Look through the data below and output, unchanged, every line from the one holding "À deux pas de" through the one holding "2015 Ram 2500", inclusive. Skip the pictures.

Information shown
*** Begin section ***
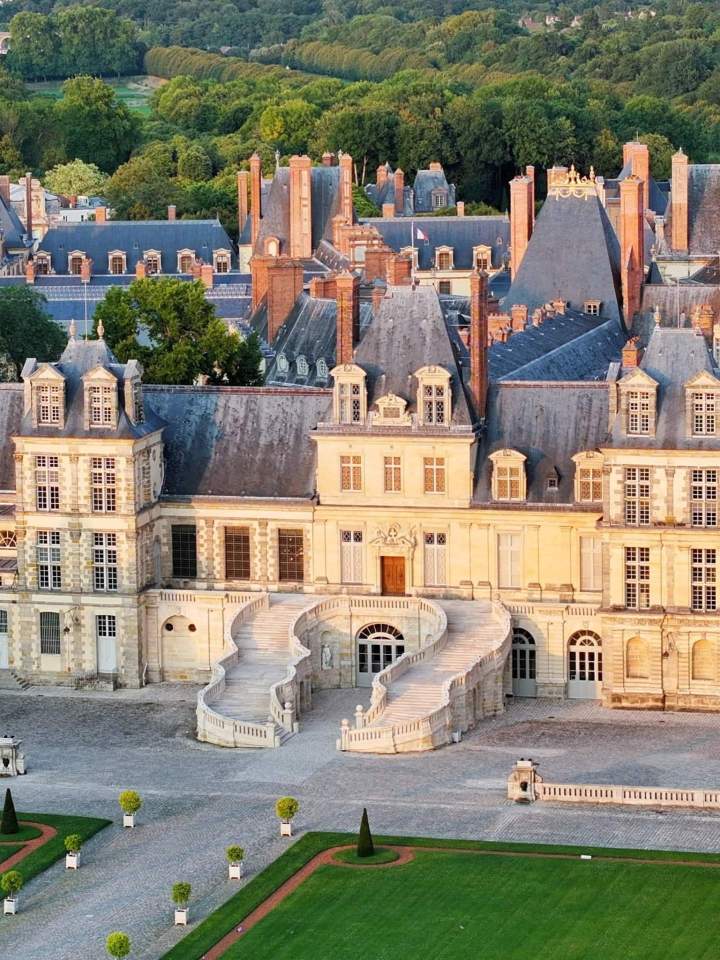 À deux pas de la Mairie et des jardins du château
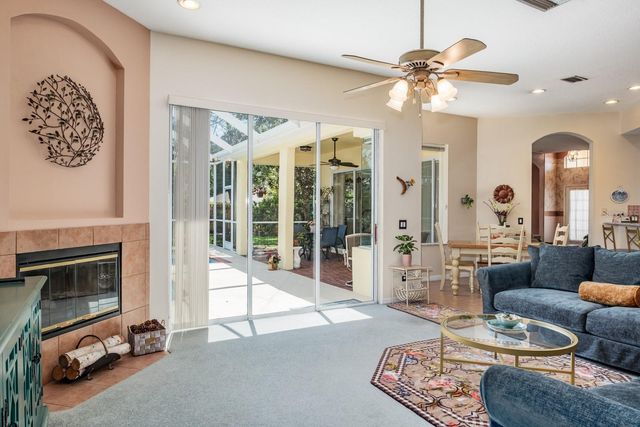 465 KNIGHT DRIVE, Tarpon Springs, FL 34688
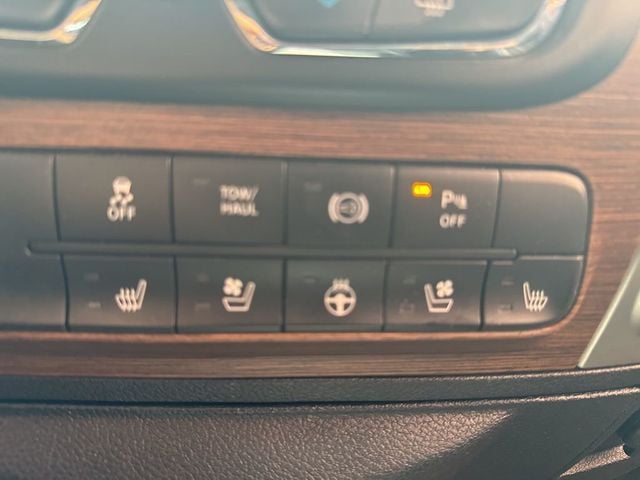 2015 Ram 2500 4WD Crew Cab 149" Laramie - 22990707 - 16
*** End section ***
*** Begin section ***
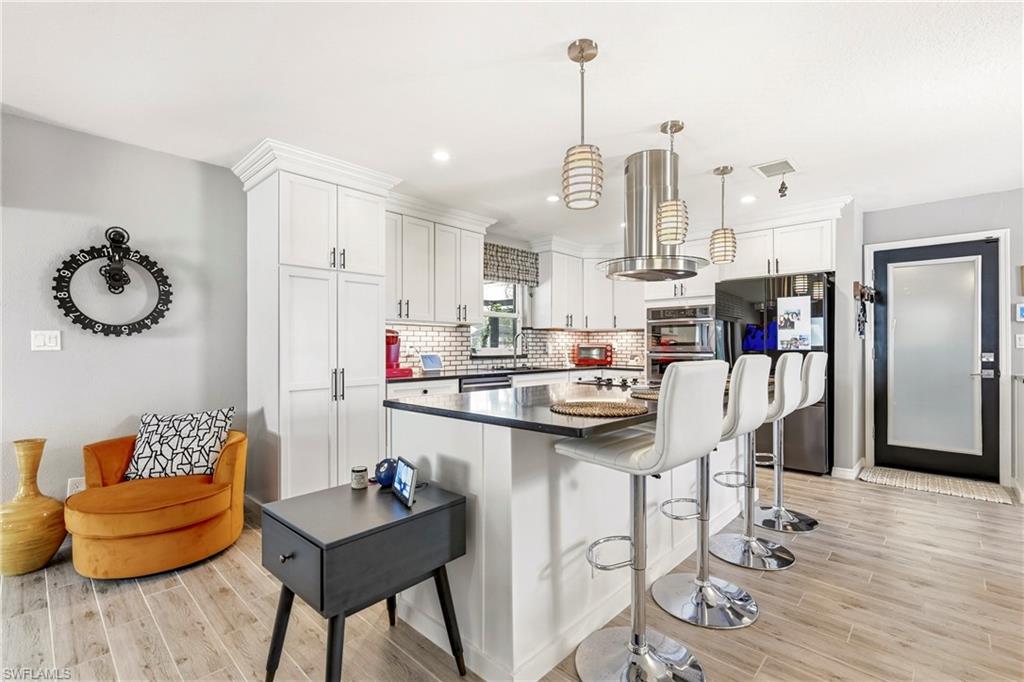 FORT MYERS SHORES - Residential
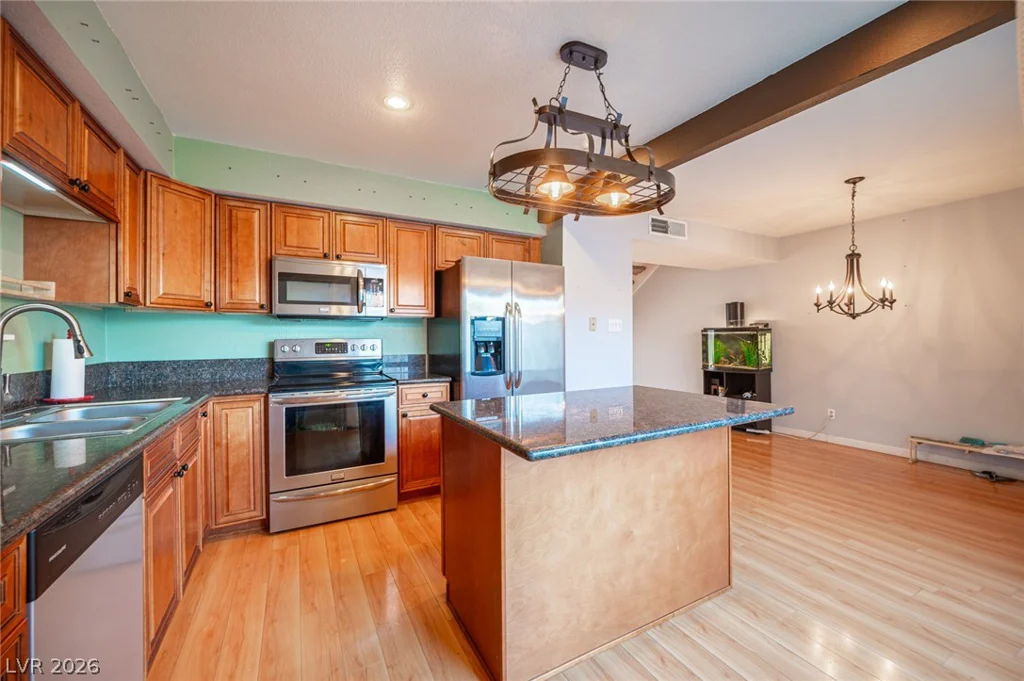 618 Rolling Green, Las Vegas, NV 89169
*** End section ***
Problem solution
 À deux pas de la Mairie et des jardins du château
 465 KNIGHT DRIVE, Tarpon Springs, FL 34688
 2015 Ram 2500 4WD Crew Cab 149" Laramie - 22990707 - 16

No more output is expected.